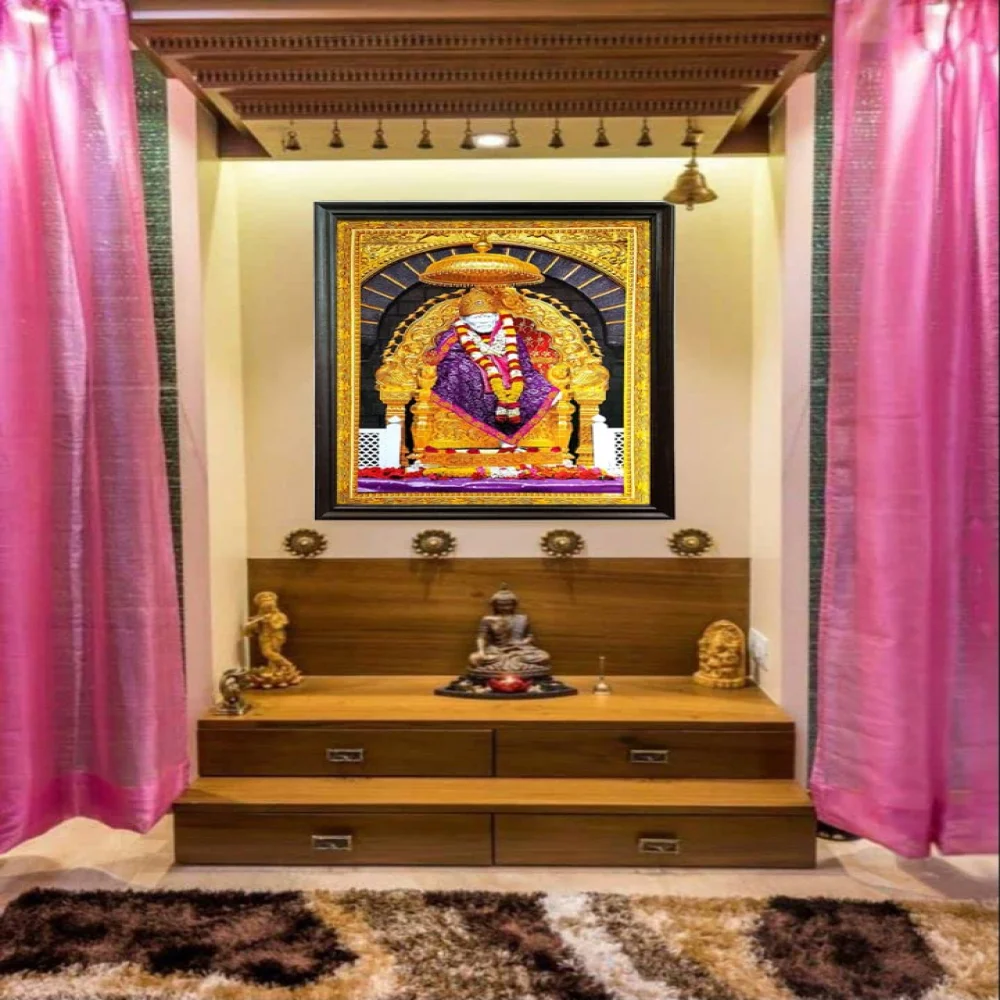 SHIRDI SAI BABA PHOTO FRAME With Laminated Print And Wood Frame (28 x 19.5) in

*****

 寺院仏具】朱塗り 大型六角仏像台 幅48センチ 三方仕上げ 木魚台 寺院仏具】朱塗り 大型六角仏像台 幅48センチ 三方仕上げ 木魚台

*****

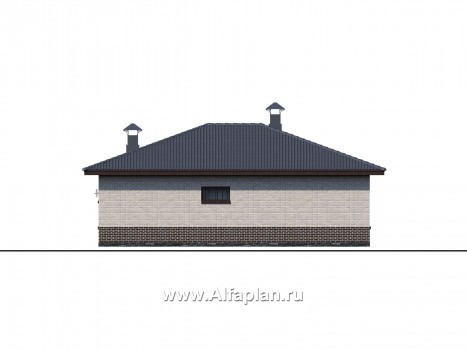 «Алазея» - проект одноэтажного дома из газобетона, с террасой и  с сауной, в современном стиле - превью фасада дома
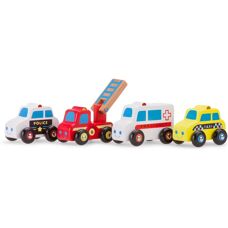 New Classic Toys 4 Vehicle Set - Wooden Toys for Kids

*****

◆ Task goal: Restate word for word the lines of the data above that begin at the line with "превью фасада дома" and end at the line with "New Classic Toys", keeping both ends and dropping every picture.

◆ Answer for this exercise:
 «Алазея» - проект одноэтажного дома из газобетона, с террасой и  с сауной, в современном стиле - превью фасада дома
 New Classic Toys 4 Vehicle Set - Wooden Toys for Kids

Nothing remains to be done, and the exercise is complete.